Amie

Amie
Icinori
La Partie 2024

Le sommeil de la raison…

Par Michel Driol

Que se cache-t-il sous la couverture intrigante ? Un doudou ? un animal ? Un fantôme ? Une ombre qui rôde, inquiétante, démentant le titre, amie ? Les pages de garde présentent un paysage urbain aux maisons bien uniformes, tandis qu’un adulte entraine un enfant. Question de l’enfant : Qu’y a-t-il là-bas, au–delà des montagnes ? Réponse de l’adulte : Viens, la nuit tombe. Puis les images montrent l’animal de couverture, une chauvesouris, pénétrer dans la chambre de l’enfant, et l’emmener dans une grotte, dans un paysage peuplé d’étranges animaux,  dans un somptueux palais habité par un singe géant, et c’est le retour au petit matin, au petit déjeuner.

Très concis, minimaliste, le texte joue à la façon des cartons des films muets, posant quelques repères temporels, des paroles, des indications de lieu. Mais l’essentiel est dans les illustrations très oniriques, aux dominantes rouges et vert, qui disent le pouvoir de l’imagination de s’affranchir des limites pour aller dans un monde fantastique qui n’a rien d’effrayant. C’est un enlèvement, mais tout est bienveillant. Pas de maxi monstres dans le pays que l’on parcourt, mais une sorte de grâce animale, florale, où rien n’est ce qu’il semble être, à bien y regarder de près. Les pattes d’un animal sont des mains humaines, les têtes sont des fleurs. Le serpent menaçant a deux jambes humaines… Cet imaginaire envoie aussi à des images connues des adultes au moins : images du paradis terrestre, de certains tableaux de la Renaissance évoqués par la perspective des colonnes ou les paysages bucoliques visibles à travers les arches, singes aveugles, muets et sourds…

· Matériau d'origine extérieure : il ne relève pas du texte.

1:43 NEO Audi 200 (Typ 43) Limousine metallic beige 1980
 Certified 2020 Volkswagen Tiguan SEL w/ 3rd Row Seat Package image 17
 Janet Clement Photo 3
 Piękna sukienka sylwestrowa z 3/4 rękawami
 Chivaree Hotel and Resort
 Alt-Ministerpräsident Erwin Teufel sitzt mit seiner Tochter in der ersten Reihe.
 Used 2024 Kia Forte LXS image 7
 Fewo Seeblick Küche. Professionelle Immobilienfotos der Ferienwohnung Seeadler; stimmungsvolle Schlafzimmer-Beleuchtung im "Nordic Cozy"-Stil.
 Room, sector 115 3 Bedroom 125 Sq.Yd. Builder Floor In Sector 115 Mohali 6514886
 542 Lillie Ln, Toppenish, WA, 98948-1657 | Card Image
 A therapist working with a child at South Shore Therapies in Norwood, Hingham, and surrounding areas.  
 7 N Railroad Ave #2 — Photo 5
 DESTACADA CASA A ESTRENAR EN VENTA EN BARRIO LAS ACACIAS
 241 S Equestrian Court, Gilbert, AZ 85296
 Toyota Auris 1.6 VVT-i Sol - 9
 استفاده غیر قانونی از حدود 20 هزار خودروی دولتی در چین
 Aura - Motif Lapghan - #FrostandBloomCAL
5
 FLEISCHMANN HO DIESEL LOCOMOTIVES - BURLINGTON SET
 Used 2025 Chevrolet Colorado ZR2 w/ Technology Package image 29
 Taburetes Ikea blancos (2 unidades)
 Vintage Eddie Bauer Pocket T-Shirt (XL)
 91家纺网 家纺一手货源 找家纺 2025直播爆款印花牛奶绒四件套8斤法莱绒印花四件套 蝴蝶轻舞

Cette ode à l’imagination, qui invite à aller au-delà des montagnes, au-delà de la nuit, protégé par cette amie qui sert de guide, de passeur se déroule dans un univers graphique bien particulier. On y trouve à la fois des lignes rouges et vertes, très géométriques, tantôt droites, tantôt courbes  mais aussi des formes plus fluides. Chaque image est construite à partir d’une profusion d’objets, de techniques qui introduisent vraiment dans un autre univers mystérieux, bien loin de la sagesse monotone des petites maisons des pages de garde.

Icinori, un duo d’artistes composé de Mayumi Otero et de Raphaël Urwiller, propose ici un rêve insolite, merveilleux, pour donner envie de s’évader loin du réel terne, fade et ennuyeux.